Exercise goal –
The output is the lines below from the one with "Ένα ή περισσότερα" through the one with "Woman in blue", both included, printed exactly and with no other line.

Brief descriptive captions:
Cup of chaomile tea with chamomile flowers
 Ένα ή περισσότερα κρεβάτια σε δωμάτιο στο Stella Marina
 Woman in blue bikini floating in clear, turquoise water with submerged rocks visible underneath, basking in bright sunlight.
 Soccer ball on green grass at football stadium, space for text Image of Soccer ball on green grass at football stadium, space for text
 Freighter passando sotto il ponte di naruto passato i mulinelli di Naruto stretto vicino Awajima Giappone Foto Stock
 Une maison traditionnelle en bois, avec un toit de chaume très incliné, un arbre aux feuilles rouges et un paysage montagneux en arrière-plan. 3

Completed exercise –
 Ένα ή περισσότερα κρεβάτια σε δωμάτιο στο Stella Marina
 Woman in blue bikini floating in clear, turquoise water with submerged rocks visible underneath, basking in bright sunlight.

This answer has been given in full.